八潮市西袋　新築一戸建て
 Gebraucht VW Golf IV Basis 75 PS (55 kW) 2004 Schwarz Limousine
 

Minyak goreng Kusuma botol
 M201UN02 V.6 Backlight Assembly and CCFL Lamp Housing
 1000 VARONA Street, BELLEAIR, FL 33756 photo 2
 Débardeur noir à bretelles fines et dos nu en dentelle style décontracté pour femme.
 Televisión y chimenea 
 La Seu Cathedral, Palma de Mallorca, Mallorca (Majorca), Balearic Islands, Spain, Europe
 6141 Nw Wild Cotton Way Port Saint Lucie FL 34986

- [EXERCISE INSTRUCTIONS]
Write out again, unchanged, every line from the line containing "Televisión y chimenea" to the final line of the material above.

- [ANSWER SPACE]
 Televisión y chimenea 
 La Seu Cathedral, Palma de Mallorca, Mallorca (Majorca), Balearic Islands, Spain, Europe
 6141 Nw Wild Cotton Way Port Saint Lucie FL 34986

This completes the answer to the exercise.